The thing is, this bro & sis DON’T fight. They LIKE each other. They’re affectionate. They tease, but in a sweet way, like besties. Even when they’re playing competitive games that my husband and I have learned not to engage in without marriage counseling. Crazy Eights and Hearts? No fights. Bananagrams? Nothin’. Washers? They try to beat their parents.
And of course they split the last piece of pie as a matter of course.
My husband and I are astounded…and delighted.
And I am CURIOUS. How did this come to be? Why is it so uncommon?
Is it parenting? These kids’ parents are certainly mellow, cool people. But I know lots of mellow, cool parents whose kids act like contestants in The Hunger Games.
Is it birth order? Our own two boys always got along pretty well, but our younger son acknowledges that if he’d been the elder, there’d have been a new sheriff in town. Maybe our friends’ girl is just one of those sweeties like our son. (Where was she when I was undergoing mental waterboarding by MY older sister?)

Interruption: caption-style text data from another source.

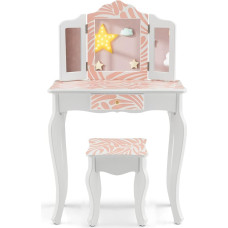 DREAMADE 2-in-1 Children's Dressing Table with Stool and Removable Mirror, Princess Dressing Table with Drawer, Wooden Cosmetic Table, Children's Make-Up Table for Girls (Zebra Pattern)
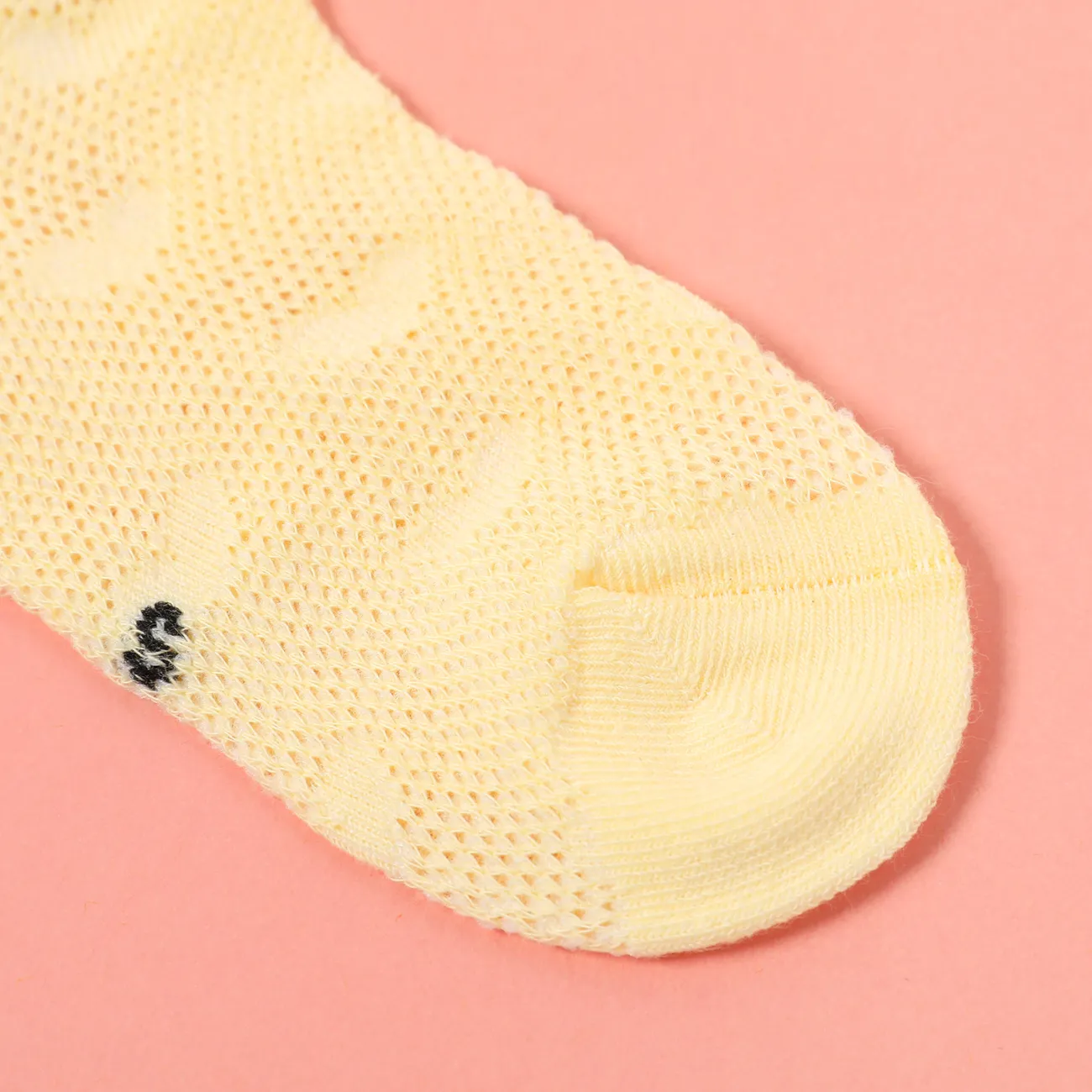 5-pairs Baby / Toddler / Kid Heart Stars Pattern Mesh Panel Socks Pink big image 1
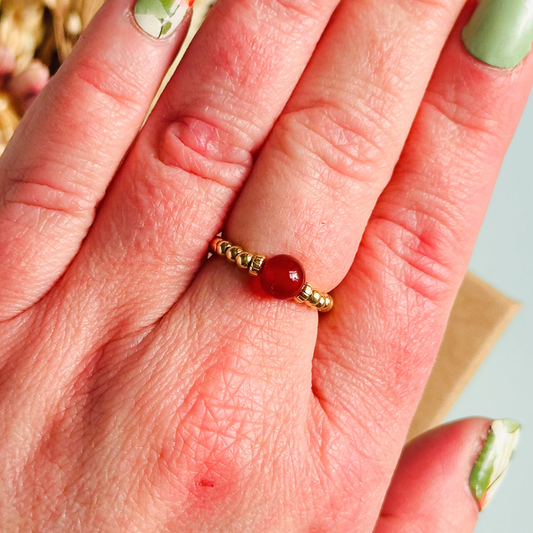 Gold carnelian ring, stretchy gold ring, carnelian ring, july birthstone ring, carnelian ring gold, crystal healing ring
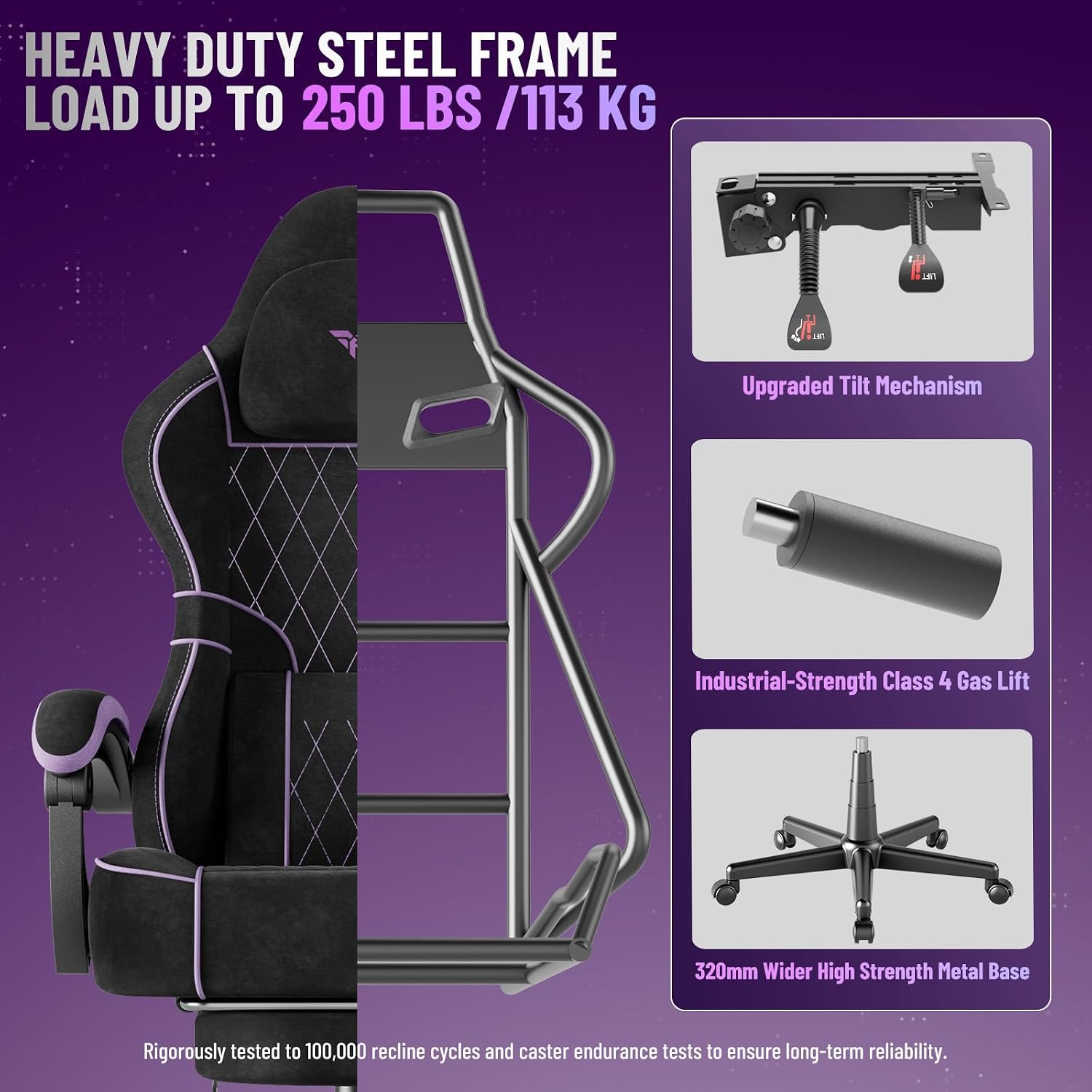 Huracan Ergonomic Gaming Chair with Footrest for Adults, Massage Game Chair High Back, Racing Computer Chair Lumbar Support Extended Seat for Video Game Home Office, Black and Purple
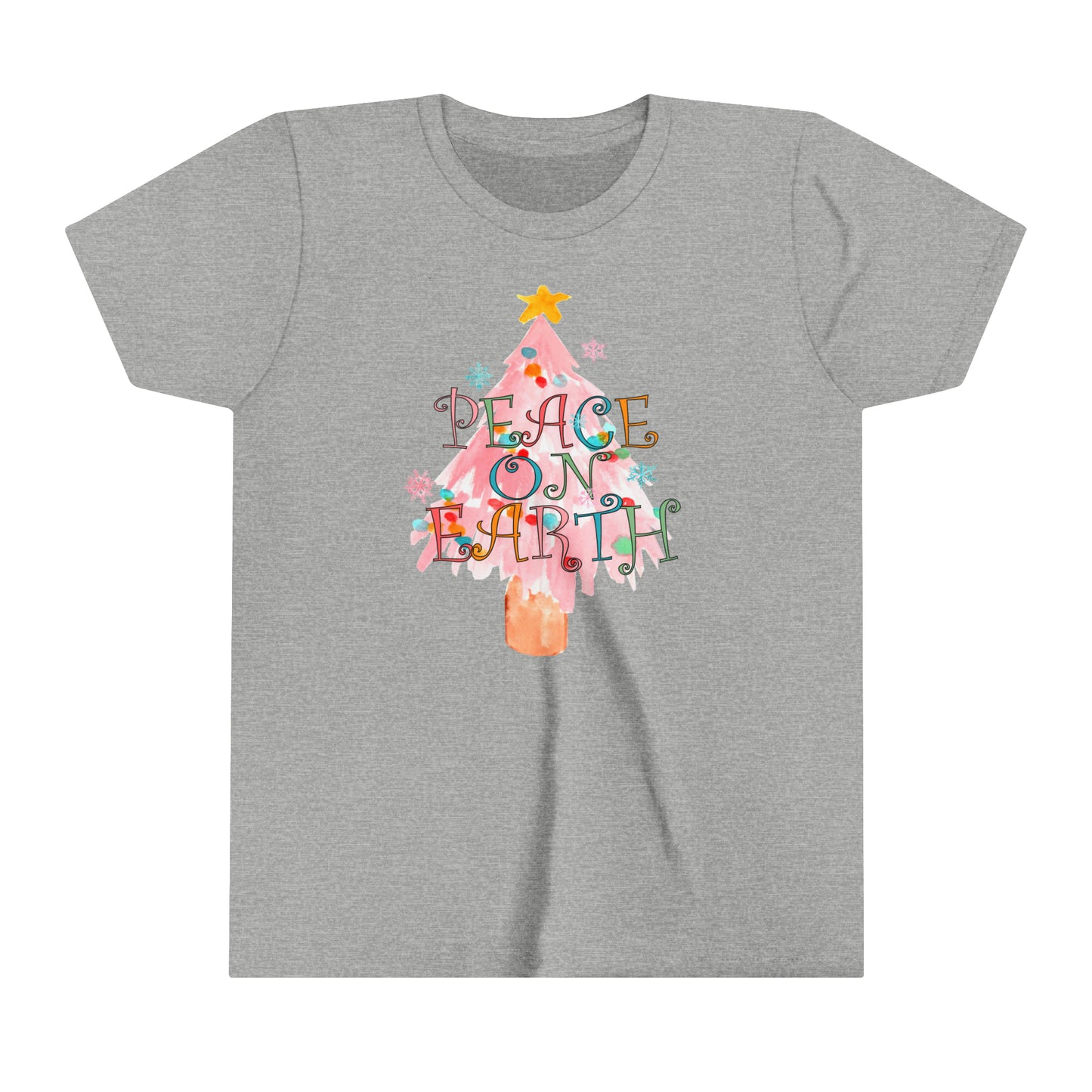 YOUTH - Peace on Earth Pink Christmas Tree/ Holiday Youth Short Sleeve Tee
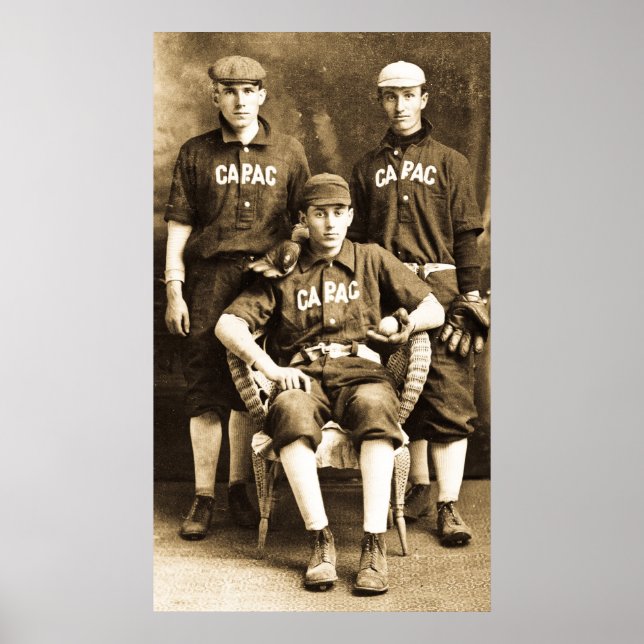 Pôster Jogadores de Baseball Vintage (Frente)
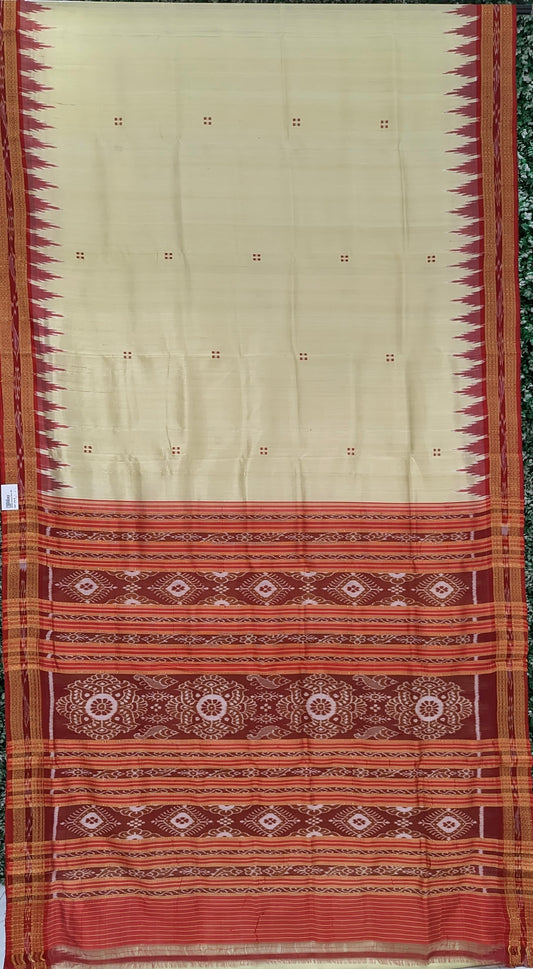 Light Yellow Butta Design Odisha Ikat Khandua Silk Saree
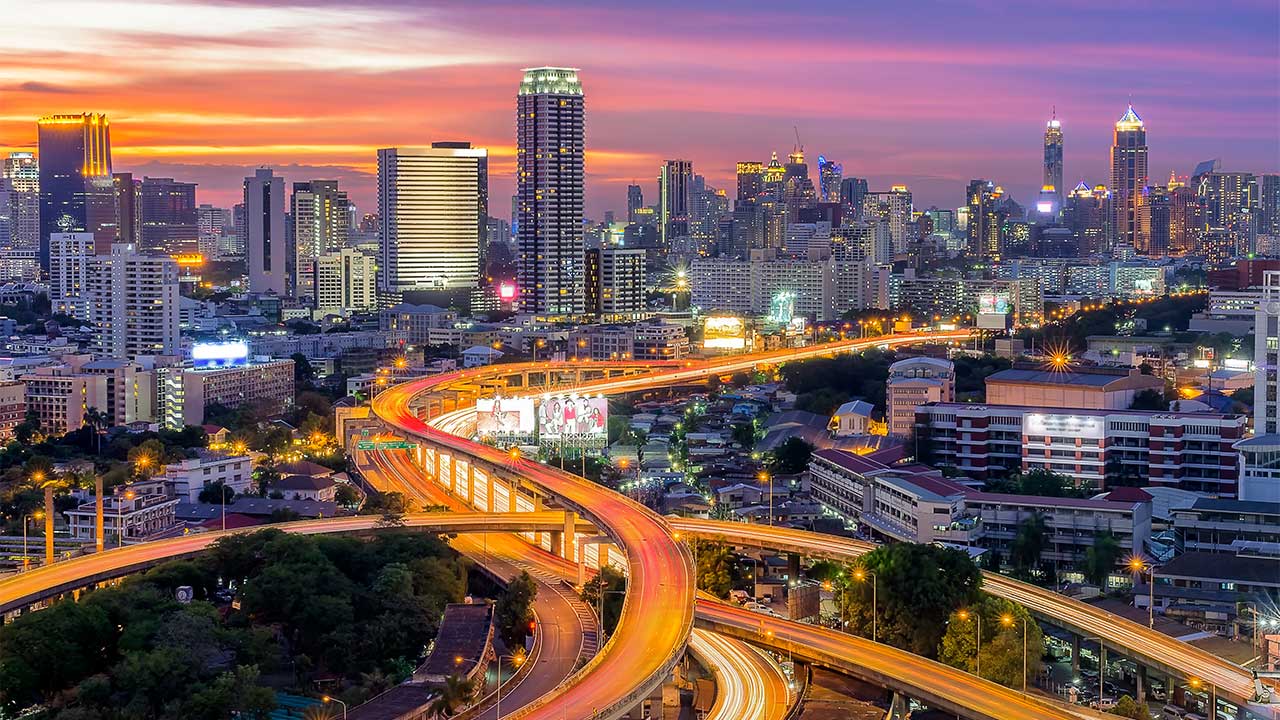 View of Bangkok city with expressways
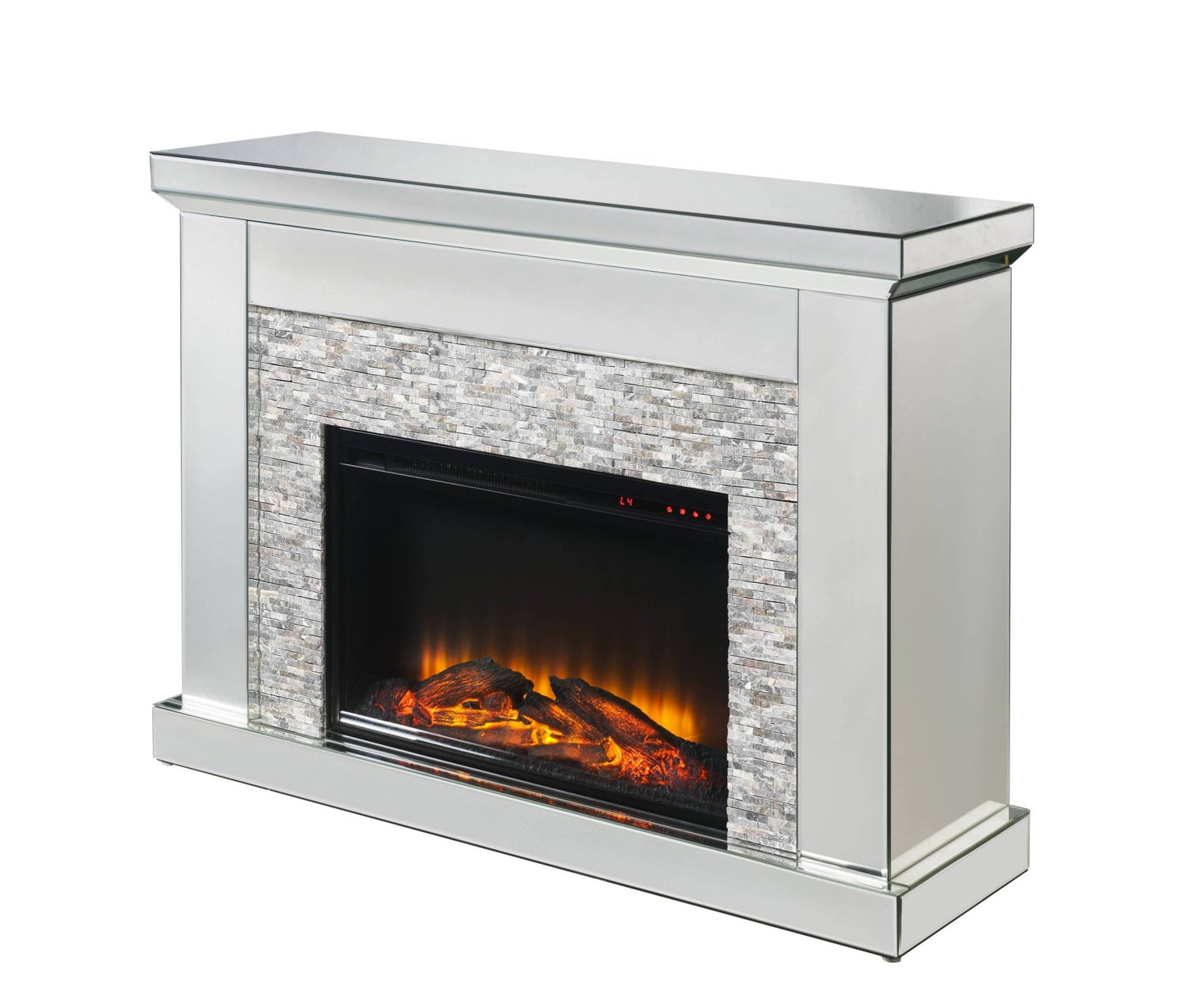 Glam Mirrored Electric Fireplace Console with LED Heater - 1st Choice Furniture Direct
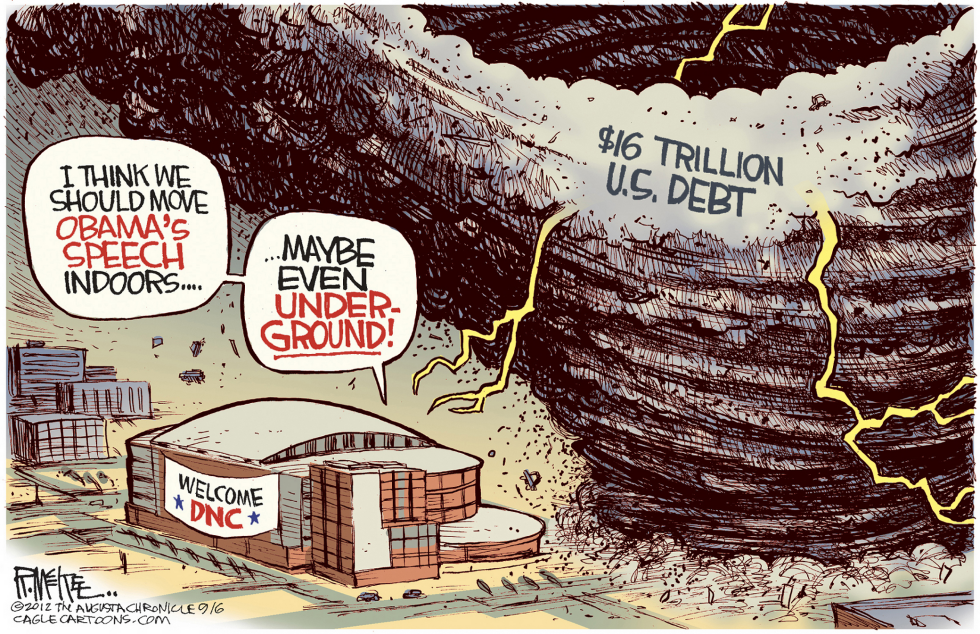  OBAMA'S INDOOR SPEECH by Rick McKee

Is it the fact that they’re on vacation? In my own experience, that makes the squabbles worse, not better. So much interesting new stuff to squabble over!
Is my sample skewed? Maybe there are tons of great sister-and-brother pairings out there, and I’ve somehow never met ’em.
So help me out here. What causes some sibling pairs to get along while others fight like cats and dogs? What variables are at play? How did your own experience with your siblings inform your thinking on this?